In a new research paper, Australian and Chinese researchers have found evidence of Southeast Asia’s oldest known curry.
The research shows the trading of spices for culinary use goes way back some 2,000 years through the global spice trade in Asia, Africa, and Europe.
In fact, the research found the oldest evidence of curry ever found outside India.
Research has shown that the history of curry began more than 4,000 years ago in India where starch grains of turmeric, ginger, eggplant, and mango were found in human teeth and in cooking pots during archaeological excavations.
Further, earlier studies in South Asia have reported archaeological presences of black pepper, mustard, clove, nutmeg, and cardamom.
Weiwei Wang and Hsiao-chun Hung, researchers at the Australian National University, say:
“Before this study, we had limited evidence of ancient curry at archaeological sites – and the little evidence we did have mainly came from India. Most of our knowledge of the early spice trade has therefore come from clues in ancient documents from India, China and Rome.”
The researchers used a technique called starch grain analysis to analyze microscopic remains recovered from a range of grinding and pounding tools excavated from the Oc Eo site.
“We made the intriguing discovery at the Oc Eo archaeological complex in southern Vietnam. We found eight unique spices, originally from different sources, which were likely used for making curry. What’s even more fascinating is that some of these would have been transported over several thousand kilometres by sea.”

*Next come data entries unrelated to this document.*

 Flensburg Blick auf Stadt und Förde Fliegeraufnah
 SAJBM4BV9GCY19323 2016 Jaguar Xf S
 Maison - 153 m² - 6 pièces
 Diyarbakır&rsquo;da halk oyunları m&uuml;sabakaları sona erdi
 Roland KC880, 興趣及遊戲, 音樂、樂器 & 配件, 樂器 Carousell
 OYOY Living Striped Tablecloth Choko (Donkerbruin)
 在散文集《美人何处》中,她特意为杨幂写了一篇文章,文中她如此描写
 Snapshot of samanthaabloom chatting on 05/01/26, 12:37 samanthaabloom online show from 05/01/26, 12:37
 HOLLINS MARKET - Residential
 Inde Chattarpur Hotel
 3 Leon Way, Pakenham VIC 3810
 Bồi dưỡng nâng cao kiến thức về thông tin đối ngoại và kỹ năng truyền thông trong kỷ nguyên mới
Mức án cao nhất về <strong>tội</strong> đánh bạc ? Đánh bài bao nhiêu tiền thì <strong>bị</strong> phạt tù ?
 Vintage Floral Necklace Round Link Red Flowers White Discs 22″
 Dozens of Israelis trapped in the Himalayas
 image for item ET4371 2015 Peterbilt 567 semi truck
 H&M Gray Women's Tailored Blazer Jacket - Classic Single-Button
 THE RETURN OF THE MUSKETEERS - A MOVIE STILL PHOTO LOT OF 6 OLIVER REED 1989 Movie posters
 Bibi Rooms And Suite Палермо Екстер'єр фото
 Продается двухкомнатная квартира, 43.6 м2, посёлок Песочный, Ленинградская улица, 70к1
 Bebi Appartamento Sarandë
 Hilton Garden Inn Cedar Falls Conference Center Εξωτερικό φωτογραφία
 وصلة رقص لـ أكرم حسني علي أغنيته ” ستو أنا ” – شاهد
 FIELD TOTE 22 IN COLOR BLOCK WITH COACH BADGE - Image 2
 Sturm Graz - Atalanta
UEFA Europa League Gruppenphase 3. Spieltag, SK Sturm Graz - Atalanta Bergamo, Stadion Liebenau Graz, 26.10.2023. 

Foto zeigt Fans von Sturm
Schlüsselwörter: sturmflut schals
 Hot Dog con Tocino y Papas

Oc Eo is located on the border between An Giang and Kien Giang provinces on the southwestern side of the Mekong Delta, southern Vietnam.
From 2017 to 2019, most of the stone grinding tools, “pesani”, were excavated by the research team and some were previously collected by the local museum.
At the Oc Eo site were also excavated Hindu and Buddhist religious monuments as it was considered an important centre for the processing of metals, glass for jewellery, and pottery.
Researchers note that the Indian stone grinding type tools were initially brought to Oc Eo by early migrants from the region and later locally manufactured.
The researchers add:
“Of the 40 tools we analysed, 12 produced a range of spices including turmeric, ginger, fingerroot, sand ginger, galangal, clove, nutmeg and cinnamon. This means the occupants of the site had indeed used the tools for food processing, including to powder the rhizomes, seeds and stems of spice plants to release flavour.”
The researchers recovered a total of 717 starch grains from the surfaces of the 12 studied implements, of which 604 were identifiable to species.
The starch grain analysis on spices found at Oc Eo confirmed that these wouldn’t have all been available in the region naturally. These spices would have been transported either via the Indian or Pacific Ocean.
The artifacts analyzed in the research corresponded with traditional Indian spice grinding tools. Thus the researchers observe that it proved “curry has a fascinating history beyond India, and that curry spices were coveted far and wide.”
“So it’s interesting to note that nearly 2,000 years ago, individuals living outside India had a strong desire to savour the flavors of curry – as evidenced by their diligent preparations.”
This new study has contributed to the knowledge about how Indian culture influenced the formation of early Southeast Asian cuisines within the global spice trade and colonial networks.